# THE TASK
Give all of the records again. Match them exactly.

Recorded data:
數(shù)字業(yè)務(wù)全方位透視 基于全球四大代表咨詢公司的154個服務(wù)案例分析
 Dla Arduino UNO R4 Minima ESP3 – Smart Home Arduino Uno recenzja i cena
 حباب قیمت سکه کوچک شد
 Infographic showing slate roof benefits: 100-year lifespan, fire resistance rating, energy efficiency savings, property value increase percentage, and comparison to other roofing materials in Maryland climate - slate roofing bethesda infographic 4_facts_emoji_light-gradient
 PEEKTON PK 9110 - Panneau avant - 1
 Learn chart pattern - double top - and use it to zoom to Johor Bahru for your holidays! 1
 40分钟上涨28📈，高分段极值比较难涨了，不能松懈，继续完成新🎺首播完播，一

# RESULT OF THE EXERCISE
數(shù)字業(yè)務(wù)全方位透視 基于全球四大代表咨詢公司的154個服務(wù)案例分析
 Dla Arduino UNO R4 Minima ESP3 – Smart Home Arduino Uno recenzja i cena
 حباب قیمت سکه کوچک شد
 Infographic showing slate roof benefits: 100-year lifespan, fire resistance rating, energy efficiency savings, property value increase percentage, and comparison to other roofing materials in Maryland climate - slate roofing bethesda infographic 4_facts_emoji_light-gradient
 PEEKTON PK 9110 - Panneau avant - 1
 Learn chart pattern - double top - and use it to zoom to Johor Bahru for your holidays! 1
 40分钟上涨28📈，高分段极值比较难涨了，不能松懈，继续完成新🎺首播完播，一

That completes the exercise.